Cyclic neutropenia (CyN) is a rare hematologic disorder and form of congenital neutropenia that tends to occur approximately every three weeks and lasting for few days at a time due to changing rates of neutrophil production by the bone marrow. It causes a temporary condition with a low absolute neutrophil count and because the neutrophils make up the majority of circulating white blood cells it places the body at severe risk of inflammation and infection. In comparison to severe congenital neutropenia, it responds well to treatment with granulocyte colony-stimulating factor (filgrastim), which increases the neutrophil count, shortens the cycle length, as well decreases the severity and frequency of infections.

==Signs and symptoms==
The common symptoms of neutropenia are recurrent fever, malaise, inflammation of the tissues surrounding the teeth, mouth ulcers, inflammation and bacterial infection of the respiratory tract, digestive tract, skin, and abdominal pain. It is considered that the greatest risk for death is from developing necrotizing enterocolitis (NEC), peritonitis, bacteremia or Clostridium and Escherichia coli sepsis and septic shock, and pneumonia.
==Causes==
Cyclic neutropenia (CyN), like severe congenital neutropenia (SCN), is a rare disorder. It is considered that in the general population, CyN has a frequency of one in one million. It is the result of autosomal dominant mutation in ELANE gene located on the short arm (p) of chromosome 19 (19p13.3), the gene encoding neutrophil elastase, which is also the most common cause of the SCN. It sporadically occurs as a de novo mutation variant or can be present among members of the same family. In the case of CyN, the mutation variants have been found to mostly cluster in intron 4 and exon 4 and 5, but were also located in intron 3, and exon 2 and 3. Some mutation variants have been found in both Cyn and SCN, which indicates they are phenotypes of the same disease with different severity.

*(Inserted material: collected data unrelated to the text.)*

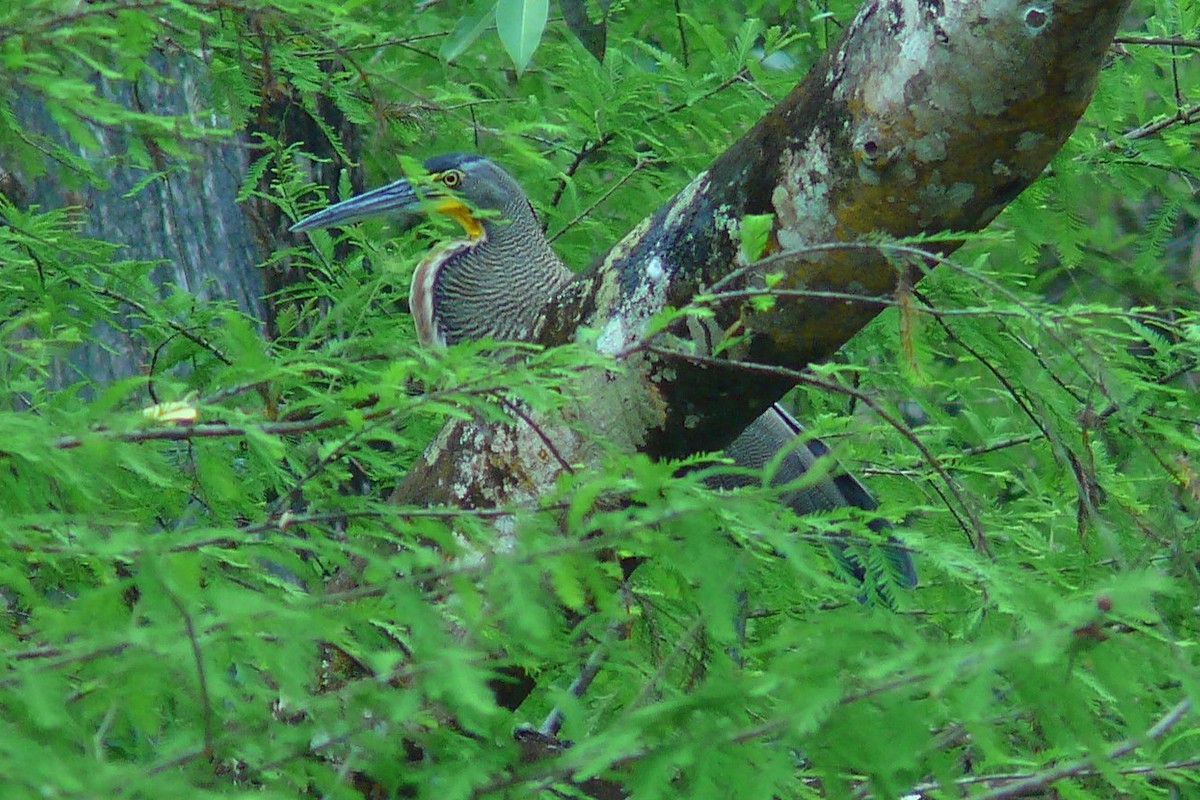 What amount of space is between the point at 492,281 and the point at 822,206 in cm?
159

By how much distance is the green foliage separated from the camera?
1.26 metres

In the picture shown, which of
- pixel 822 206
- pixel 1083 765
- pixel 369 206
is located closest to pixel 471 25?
pixel 822 206

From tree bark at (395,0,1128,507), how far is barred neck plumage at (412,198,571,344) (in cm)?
108

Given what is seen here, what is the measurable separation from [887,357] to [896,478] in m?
0.62

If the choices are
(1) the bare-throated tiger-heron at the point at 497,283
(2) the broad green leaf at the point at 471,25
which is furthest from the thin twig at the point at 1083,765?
(1) the bare-throated tiger-heron at the point at 497,283

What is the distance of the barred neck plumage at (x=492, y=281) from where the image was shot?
11.0 ft

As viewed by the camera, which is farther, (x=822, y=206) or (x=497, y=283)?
(x=497, y=283)

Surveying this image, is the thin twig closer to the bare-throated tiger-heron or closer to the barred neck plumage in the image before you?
the bare-throated tiger-heron

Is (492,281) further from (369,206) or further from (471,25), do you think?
(471,25)

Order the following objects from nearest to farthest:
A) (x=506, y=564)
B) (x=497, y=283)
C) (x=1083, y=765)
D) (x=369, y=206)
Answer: (x=506, y=564) → (x=1083, y=765) → (x=369, y=206) → (x=497, y=283)

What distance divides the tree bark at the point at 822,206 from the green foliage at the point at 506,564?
11cm

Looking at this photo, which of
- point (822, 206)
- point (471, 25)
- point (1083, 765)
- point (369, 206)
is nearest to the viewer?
point (1083, 765)

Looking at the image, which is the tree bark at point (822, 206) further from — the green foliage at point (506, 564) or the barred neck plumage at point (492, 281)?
the barred neck plumage at point (492, 281)

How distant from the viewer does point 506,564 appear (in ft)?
4.15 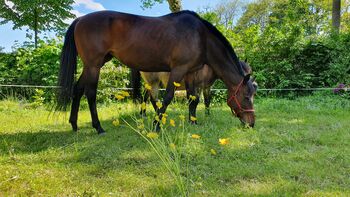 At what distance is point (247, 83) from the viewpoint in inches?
179

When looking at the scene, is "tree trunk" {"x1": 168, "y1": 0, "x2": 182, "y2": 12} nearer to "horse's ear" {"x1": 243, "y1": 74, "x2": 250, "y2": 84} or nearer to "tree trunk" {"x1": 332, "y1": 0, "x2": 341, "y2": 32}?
"tree trunk" {"x1": 332, "y1": 0, "x2": 341, "y2": 32}

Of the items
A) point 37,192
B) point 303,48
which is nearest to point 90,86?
point 37,192

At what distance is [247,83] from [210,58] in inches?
25.3

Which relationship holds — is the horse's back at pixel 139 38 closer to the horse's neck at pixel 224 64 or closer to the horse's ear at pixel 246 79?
the horse's neck at pixel 224 64

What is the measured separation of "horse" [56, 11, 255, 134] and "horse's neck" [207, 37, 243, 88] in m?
0.01

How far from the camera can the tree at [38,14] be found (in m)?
15.1

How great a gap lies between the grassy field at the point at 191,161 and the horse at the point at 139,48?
0.57m

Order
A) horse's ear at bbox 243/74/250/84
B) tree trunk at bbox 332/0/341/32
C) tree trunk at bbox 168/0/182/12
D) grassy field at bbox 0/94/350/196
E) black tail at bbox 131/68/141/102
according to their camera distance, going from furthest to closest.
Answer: tree trunk at bbox 332/0/341/32
tree trunk at bbox 168/0/182/12
black tail at bbox 131/68/141/102
horse's ear at bbox 243/74/250/84
grassy field at bbox 0/94/350/196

It is considered that the mutation causes a decrease in the "neutrophil production or excessive apoptosis (shorter half-life)" which results in a deficiency of mature neutrophils in the blood. The exact pathological mechanism is still researched, with the main hypotheses being mislocalization of ELANE or unfolded protein response (UPR) induced by mutant ELANE, however according to Mehta et al. (2016), the "UPR induction by mutant ELANE is not strong enough to promote cell death and that mutant ELANE causes SCN through an alternative mechanism". According to Garg et al. (2020), new "findings challenge the currently prevailing model that SCN results from mutant ELANE, which triggers endoplasmic reticulum stress, UPR, and apoptosis". The expression of the ELANE gene has been linked to GFI1 gene, and some considered that interaction with other genes causes the emergence and severity of one or the other phenotypic disorder. It is unclear what causes the cyclic aspect in CyN. According to Donadieu et al. (2011), the "cyclic aspect ... suggests the existence of a cryptic biological clock that regulates granulopoiesis. This putative clock might be revealed by particular mutations". Michael Mackey "postulates that the production of neutrophils is governed by long‐range stimulatory factors in a long feedback loop that has a built‐in time delay in the maturation of promyelocytes to fully differentiated neutrophils". It is also not clear what causes that the levels of secretory leucocyte protease inhibitor (SLPI), which influences the induction of the unfolded protein response (UPR), are not diminished and as such activation of UPR is absent in CyN compared to SCN, in other words, different ELANE mutations "have different effects on UPR activation, and SLPI regulates the extent of ELANE‐triggered UPR".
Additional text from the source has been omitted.